**PROBLEM REQUIREMENTS**
When the line with "Boho Pink Macrame Garland" turns up below, begin repeating exactly, and carry on through the line with "Personalized Birthday Loot"; no pictures go into the copy.

(Captioned web image data)
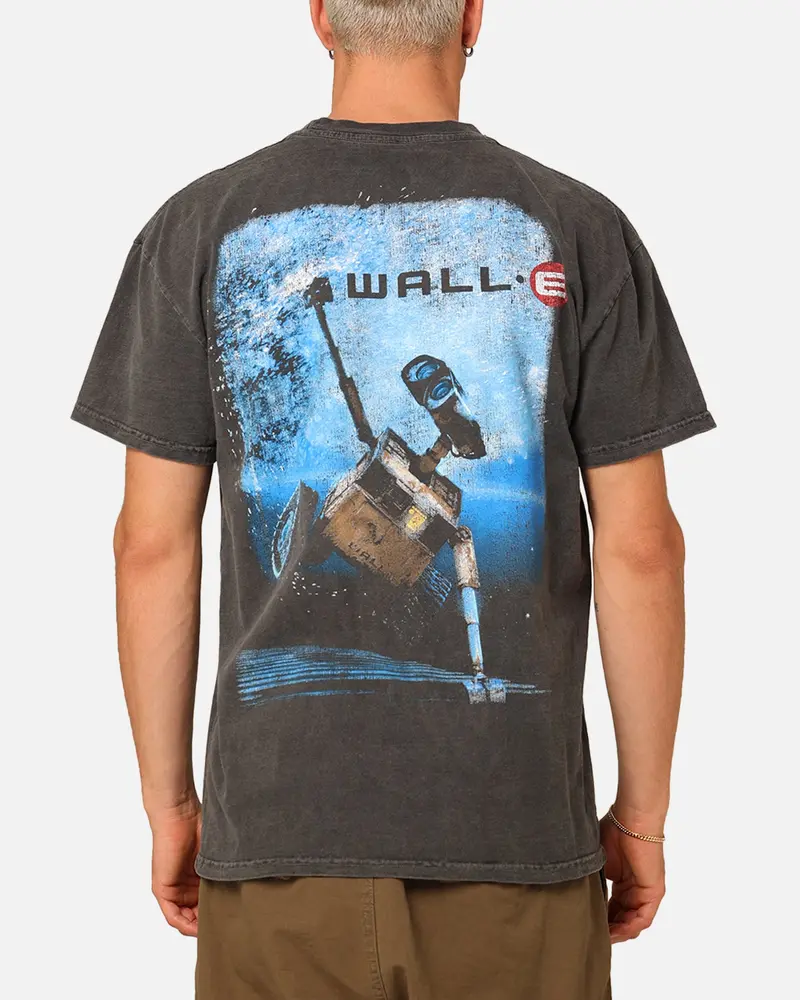73Studio X Pixar Wall.E Heavyweight T-Shirt Black Wash 1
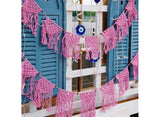 Boho Pink Macrame Garland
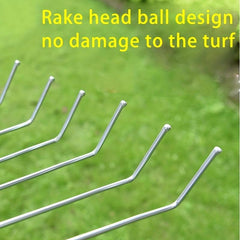 9 Tine Shrub Rake Extendable Garden Leaf Rake Adjustable Folding Tool
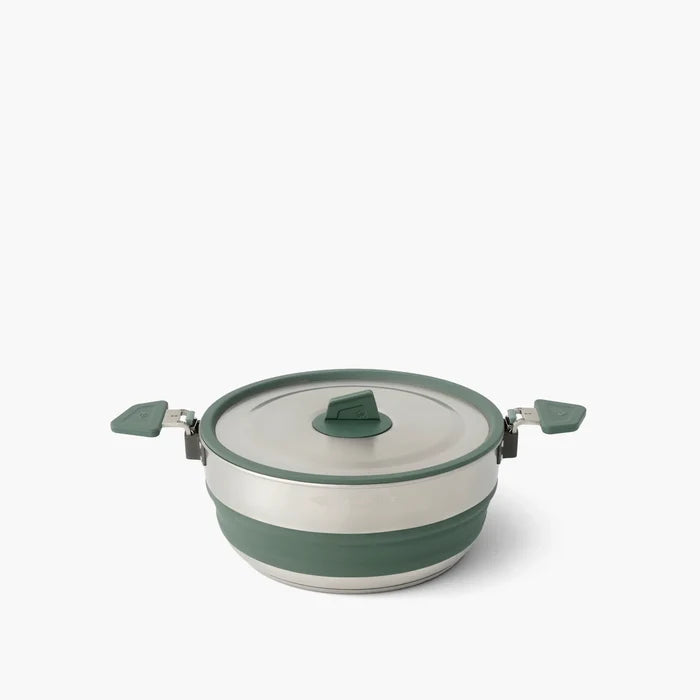 Sea to Summit Camping Pots 3L Detour Stainless Steel Collapsible Pot ACK026021-402002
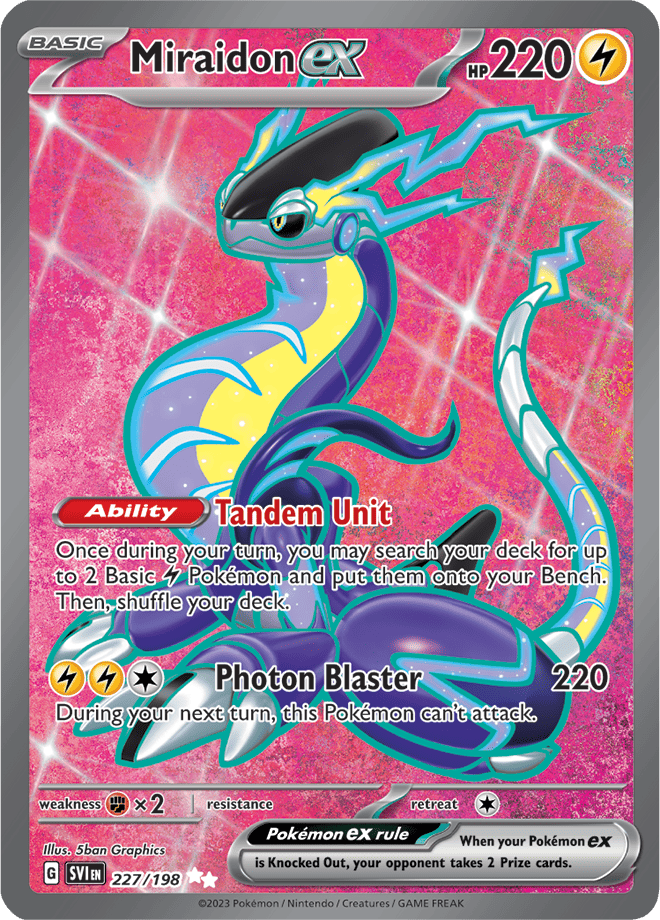 Miraidon ex 227/198 (Ultra Rare)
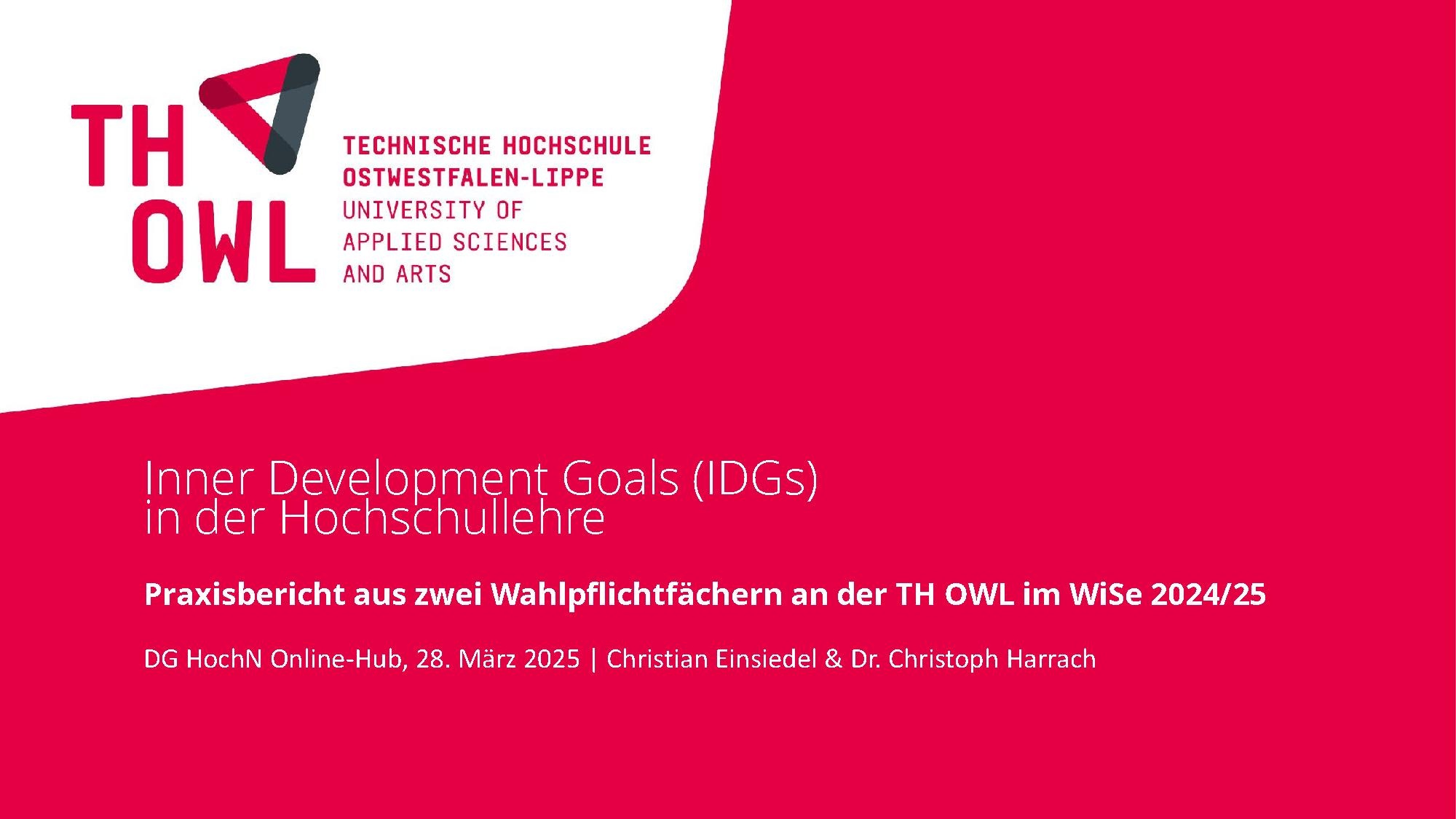 Präsentation Christian Einsiedel und Dr. Christoph Harrach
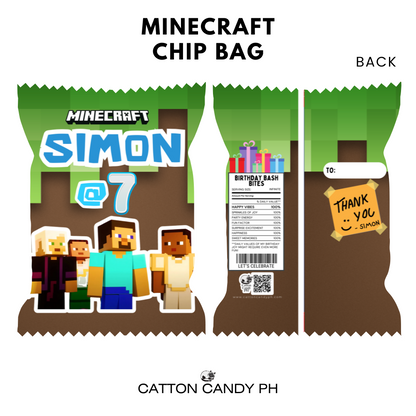 Personalized Birthday Loot Bag Party Favor Souvenir Chip Bag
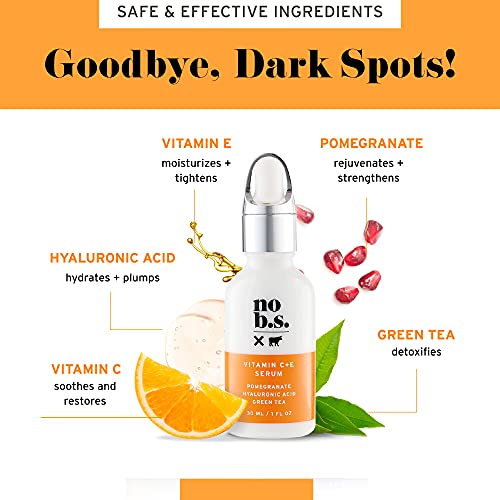 No Bad Stuff - Fresh + Smooth Duo - Vitamin C + E Serum & Retinol Night Cream, Boosts, Hydrates, and Reduces Wrinkles & Dark Spots (1 fl oz each)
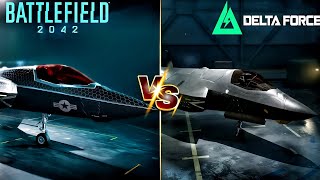 Delta Force vs Battlefield 2042 - F35 Fighter Jet Comparison.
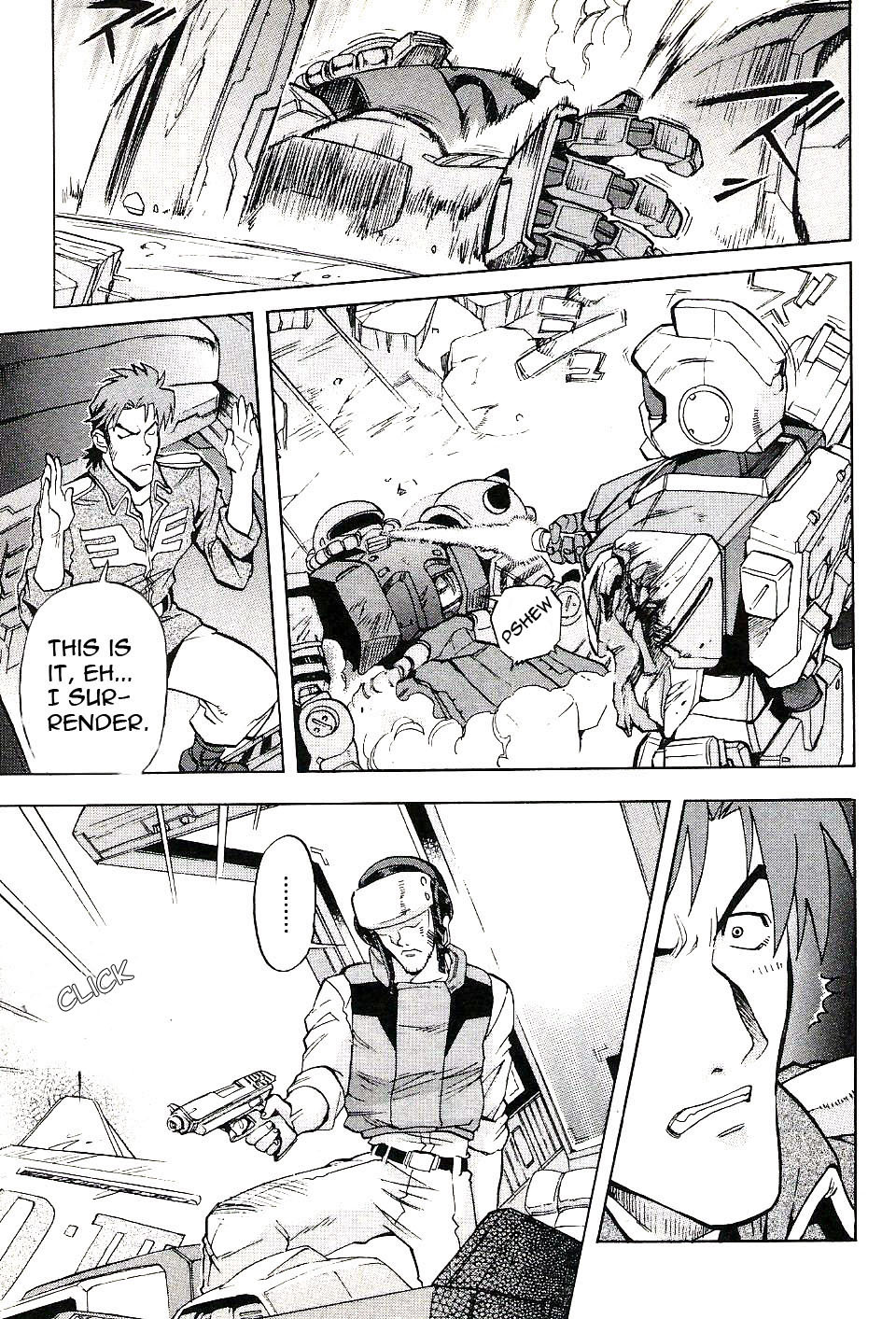 Kidou Senshi Gundam Senki: Lost War Chronicles Chapter 7 page 25 - Chapter 7: Rivals! Decisive Battle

**RESULT**
 Boho Pink Macrame Garland
 9 Tine Shrub Rake Extendable Garden Leaf Rake Adjustable Folding Tool
 Sea to Summit Camping Pots 3L Detour Stainless Steel Collapsible Pot ACK026021-402002
 Miraidon ex 227/198 (Ultra Rare)
 Präsentation Christian Einsiedel und Dr. Christoph Harrach
 Personalized Birthday Loot Bag Party Favor Souvenir Chip Bag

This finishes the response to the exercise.